• Source data:
···

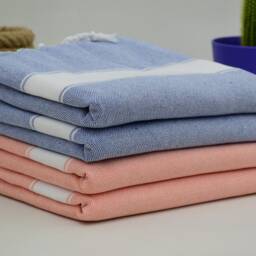 Blue Towel, White Striped Towel, Orange Towel, Soft Towel, 40x70 Turkish Towel, Handmade Towels, Bath Towels, Striped Towels Mtn-Sft - thumbnail 2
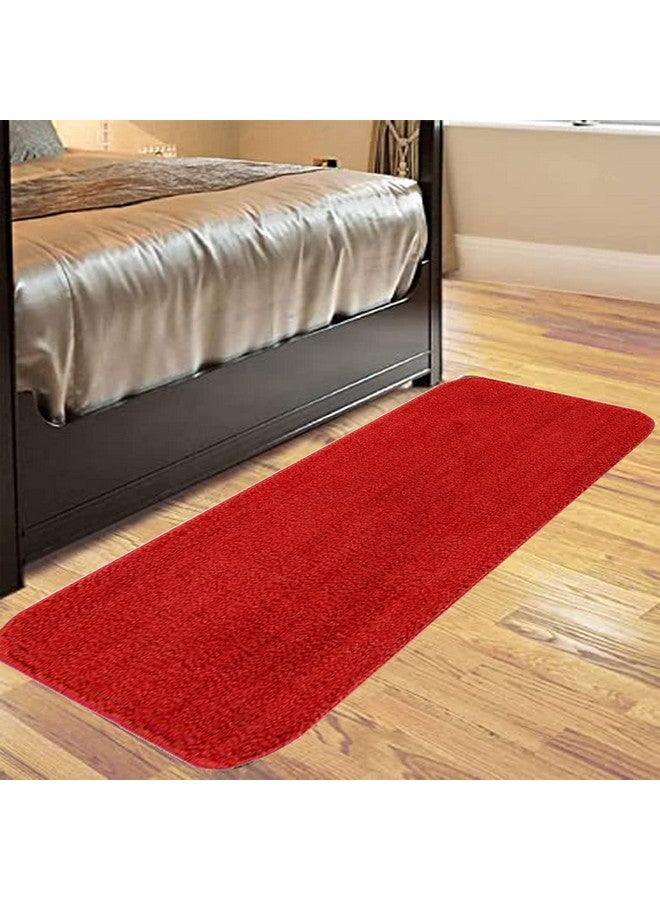 SKIVE India Stylish Anti Skid Backing Super Soft Velvet Feel Fur Bedside-skive2 Runner for Bedroom Living Room Floor Home Decoration (Red, 40 x 120 CM) 1Pcs - Image 1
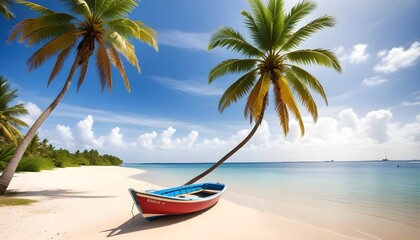 A boat is parked on a sandy beach surrounded by tall palm trees under a clear sky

···

• Work instruction:
Please copy the data shown above word for word, omitting the pictures.

• Your solution:
 Blue Towel, White Striped Towel, Orange Towel, Soft Towel, 40x70 Turkish Towel, Handmade Towels, Bath Towels, Striped Towels Mtn-Sft - thumbnail 2
 SKIVE India Stylish Anti Skid Backing Super Soft Velvet Feel Fur Bedside-skive2 Runner for Bedroom Living Room Floor Home Decoration (Red, 40 x 120 CM) 1Pcs - Image 1
 A boat is parked on a sandy beach surrounded by tall palm trees under a clear sky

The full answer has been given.